Smartphones could one day have a “made from West Australian mining” tag on them as investors increasingly demand the world’s biggest tech companies be up-front about where they source material from.

Surging interest in ethical minerals was highlighted in a crystal ball-gazing report released by global consultancy firm BDO yesterday predicting trends in Australian mining over the next five years.

That demand could lead to global heavyweights such as Apple and Volkswagen following the food and clothing industry’s lead in introducing source-of-origin labelling to spruik their ethical credentials.

Mines and Petroleum Minister Bill Johnston said the State Government was pursuing a WA mining products certification.

“Following consultation with businesses involved with mining and processing of future battery materials, and feedback from my recent trip to Europe, we are now working on a West Australian certification for mining products,” he said.

“The Government has been liaising closely with industry and research organisations to attract investment, facilitate projects, and progress the State’s research and technology sector.”

Association of Mining and Exploration Companies chief executive Warren Pearce said such a move would benefit WA’s emerging lithium and rare earths miners.

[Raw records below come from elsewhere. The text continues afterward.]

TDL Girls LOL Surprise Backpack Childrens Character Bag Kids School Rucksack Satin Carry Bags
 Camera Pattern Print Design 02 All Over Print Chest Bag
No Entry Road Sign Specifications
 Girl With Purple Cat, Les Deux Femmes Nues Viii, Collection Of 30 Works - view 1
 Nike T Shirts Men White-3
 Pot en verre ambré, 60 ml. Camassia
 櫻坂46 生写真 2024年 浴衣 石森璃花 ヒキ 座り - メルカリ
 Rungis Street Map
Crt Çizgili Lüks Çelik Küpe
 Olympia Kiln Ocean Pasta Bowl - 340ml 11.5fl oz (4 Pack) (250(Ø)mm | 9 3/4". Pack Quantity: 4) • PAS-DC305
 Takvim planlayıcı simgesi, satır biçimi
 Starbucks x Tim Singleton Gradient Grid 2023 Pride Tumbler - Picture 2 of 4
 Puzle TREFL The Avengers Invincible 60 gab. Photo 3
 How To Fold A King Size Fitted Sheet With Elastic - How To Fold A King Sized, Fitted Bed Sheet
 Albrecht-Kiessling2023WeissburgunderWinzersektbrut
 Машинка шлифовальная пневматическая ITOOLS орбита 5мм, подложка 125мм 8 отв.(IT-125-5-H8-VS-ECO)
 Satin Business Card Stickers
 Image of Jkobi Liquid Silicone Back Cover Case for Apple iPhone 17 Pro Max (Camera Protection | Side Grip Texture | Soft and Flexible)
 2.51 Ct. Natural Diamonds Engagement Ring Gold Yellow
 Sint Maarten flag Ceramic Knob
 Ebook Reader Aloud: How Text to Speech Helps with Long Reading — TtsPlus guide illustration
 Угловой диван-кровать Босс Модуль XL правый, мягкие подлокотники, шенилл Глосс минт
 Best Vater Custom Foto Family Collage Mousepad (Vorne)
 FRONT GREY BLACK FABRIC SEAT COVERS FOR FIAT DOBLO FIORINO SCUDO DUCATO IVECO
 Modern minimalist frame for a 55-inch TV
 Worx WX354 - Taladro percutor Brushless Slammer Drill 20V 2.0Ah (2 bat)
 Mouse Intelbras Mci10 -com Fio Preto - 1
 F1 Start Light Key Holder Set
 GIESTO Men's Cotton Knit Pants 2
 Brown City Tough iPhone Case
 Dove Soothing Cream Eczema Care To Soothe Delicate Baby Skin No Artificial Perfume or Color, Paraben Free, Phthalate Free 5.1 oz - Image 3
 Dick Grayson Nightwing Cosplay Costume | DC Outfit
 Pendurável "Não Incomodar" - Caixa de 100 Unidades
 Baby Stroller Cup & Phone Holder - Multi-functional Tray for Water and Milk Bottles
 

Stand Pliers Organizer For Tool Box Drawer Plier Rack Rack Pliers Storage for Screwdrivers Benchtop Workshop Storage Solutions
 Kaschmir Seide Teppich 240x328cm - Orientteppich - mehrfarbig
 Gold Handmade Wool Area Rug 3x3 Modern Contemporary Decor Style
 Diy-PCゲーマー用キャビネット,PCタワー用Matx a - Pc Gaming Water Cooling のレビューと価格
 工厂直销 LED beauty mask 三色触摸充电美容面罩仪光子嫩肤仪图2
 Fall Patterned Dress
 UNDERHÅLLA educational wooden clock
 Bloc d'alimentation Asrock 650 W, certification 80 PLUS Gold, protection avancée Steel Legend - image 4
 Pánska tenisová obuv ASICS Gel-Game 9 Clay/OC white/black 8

“I don’t think it is that unimaginable to see an Apple iPhone with a little thing on the bottom saying sourced from ethically supplied mining in Western Australia,” he said.

“You will find those companies want to be associated with Australian mining because they know our supply chains are free from some of the types of risk that happen in other countries.

“It is important we start to look at the types of overseas promotional opportunities things like Australian wool have always enjoyed, and put forward a brand which is recognisable as both a quality and ethical product.

“With Australian minerals we have a great position to do that from.”

BDO natural resources global head Sherif Andrawes said manufacturers would look to WA for minerals because of its good reputation.

“A lot of rare earths and commodities like cobalt come from areas where it’s not so clear that it is socially responsible to mine,” he said.

“Particularity for younger users of the likes of iPhones, they are genuinely passionate about making sure they are ethically sourced, so having a WA brand on things could be a great opportunity.”

Mr Andrawes said the industry would increasingly see global tech brands directly invest into mines to secure product supply.